What does the plot below show us? How would we recreate it?
DALhfli <- hflights %>%
...
DALhfli <- within(DALhfli, UniqueCarrier <- factor(UniqueCarrier, levels = names(sort(table(UniqueCarrier), decreasing = TRUE)))) # Let's not worry about what this does at the moment.
ggplot(DALhfli, ...
Obviously, we want to make visualizations of our data so that we can communicate relevant insights with our audiences. However, making visualizations can tell us a lot about the data that we work with. Previously, I showed you a barplot of the LeisureAtt
data that looked like this.
The plots are a similar format, but there is something drastically different about the format of the datasets. What is it? The code below should create (roughly) the plot above, but it does not. We will work around this in the next section.
ggplot(LeisureAttend, aes(REPORT_PERIOD, MONTHLY_ATTENDANCE)) + geom_bar()
Let’s use the LeisureAttend
dataset to make a polished barplot.
aa <- ggplot(LeisureAttend, aes(REPORT_PERIOD, MONTHLY_ATTENDANCE)) + geom_bar(stat = "identity")
aa
This rough plot has multiple problems. First of all, there appears to be a lot of variation by both month, and year. Maybe it is good that the dataset reflects the timeseries nature of the data, but this layout makes it hard to make comparisons directly. It should be no surprise that there is always a big drop in attendance between August and September. Maybe it would be better to group the data by months rather than the sequentially arranged variable, REPORT_PERIOD
. We can do this like this.
aa <- ggplot(LeisureAttend, aes(x = MONTH, y = MONTHLY_ATTENDANCE, fill = as.factor(YEAR)))
aa + geom_bar(stat = "identity")
Let’s re-arrange the bars for better comparison.
bb <- aa + geom_bar(stat = "identity", position = "dodge")
bb
How did we change the ’LeisureAttdataset so that
MONTHwas arranged by time rather than alphabetically? Let's do that to
LeisureAttend`, as well.
LeisureAttend$MONTH <- factor(LeisureAttend$MONTH, levels = toupper(month.name))

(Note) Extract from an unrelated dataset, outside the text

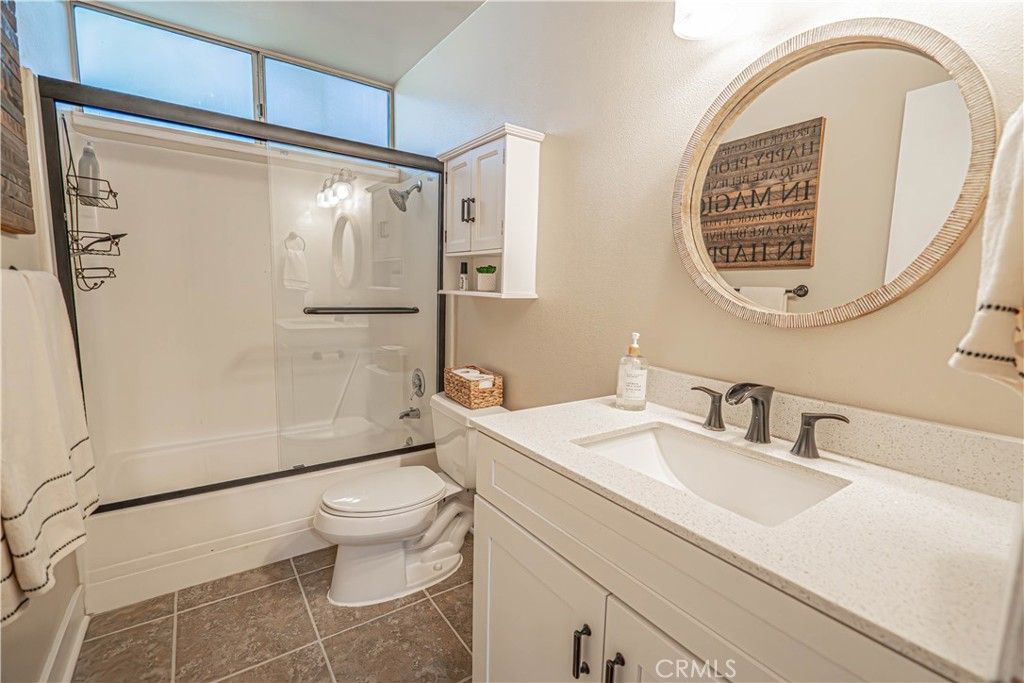 Image 33 of property listing at 23429 Via Elisandra, Valencia, CA 91355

# Now go back and recreate 'aa' and 'bb'
Yes, we will finally deal with the text on the x-axis now.
cc <- bb + theme(axis.text.x = element_text(angle = 60, hjust = 1, vjust = 1, size = 8))
cc
Better, but how readable is that y-axis?
dd <- cc + scale_y_continuous("ATTENDANCE", labels = scales::comma)
dd
How about the legend title?
ee <- dd + guides(fill = guide_legend(title = "Year")) # There are at least five different ways to do this. This isn't my favourite.
ee
And I would be lying to say I like the colours in this plot. Let’s try something else.
ff <- ee + scale_fill_brewer(palette = "YlGnBu")
ff
This produces the same result as below (which is how I would normally do it).
ggplot(LeisureAttend, aes(x = MONTH, y = MONTHLY_ATTENDANCE, fill = as.factor(YEAR))) +
geom_bar(stat = "identity", position = "dodge") +
theme(axis.text.x = element_text(angle=60, hjust = 1, vjust=1, size=8)) +
scale_y_continuous("ATTENDANCE", labels = scales::comma) +
guides(fill = guide_legend(title = "Year")) +
scale_fill_brewer(palette="YlGnBu")
To see some other ways we could change our plot we can use the ggthemes
package in two ways. First, we can check out some of the themes. Have a look at the vignette by running: vignette("ggthemes")
.
ff + theme_tufte()
ff + theme_fivethirtyeight()
ff + theme_classic() # * from ggplot2
Naturally, they change the theme of the plot, but even more valuable than that is running them without the ‘()’. Running them this way, we can see some additional options that we can alter.
theme_tufte
Try changing one aspect of the plot ff
(this will be easier if you use the large code block above). Try doing a google search for adding a title, (add title ggplot2), changing the y-axis label (change y axis label ggplot2), or making the legen title bold… or whatever you want.
Read in the dataset and take a look.
dat <- read_csv("dat.csv")
## Parsed with column specification:
## cols(
## Key = col_character(),
## Value = col_double()
## )
datSum <- dat %>%
group_by(Key) %>%
summarise(mean = mean(Value), upper = mean(Value) - sd(Value), lower = mean(Value) + sd(Value))
datSum
## # A tibble: 2 × 4
## Key mean upper lower
## <chr> <dbl> <dbl> <dbl>
## 1 A 8.673356 7.567418 9.779293
## 2 B 8.774080 7.681715 9.866445
Let’s make a plot from the summary data.
ggplot(data = datSum, aes(x = Key, y = mean)) + geom_bar(stat = "identity") + geom_errorbar(data = datSum, aes(x = Key, ymin = upper, ymax = lower), width = 0.2, size = 1, color = "blue")
But, does this plot tell the truth?
ggplot(dat, aes(Value, fill = Key)) + geom_density(alpha = .5)
This is what the data distributions actually look like, even though they have the same mean and same standard deviation.
And, in fact, there’s a statistically significant difference between the two distributions.
wilcox.test(dat$Value[dat$Key == "A"], dat$Value[dat$Key == "B"])
##
## Wilcoxon rank sum test with continuity correction
##
## data: dat$Value[dat$Key == "A"] and dat$Value[dat$Key == "B"]
## W = 110040, p-value = 0.001049
## alternative hypothesis: true location shift is not equal to 0
# t.test(dat$Value[dat$Key == "A"], dat$Value[dat$Key == "B"])
If you are ever tempted to make a bar plot with error bars, use a boxplot instead.
ggplot(dat, aes(Key, Value)) + geom_boxplot()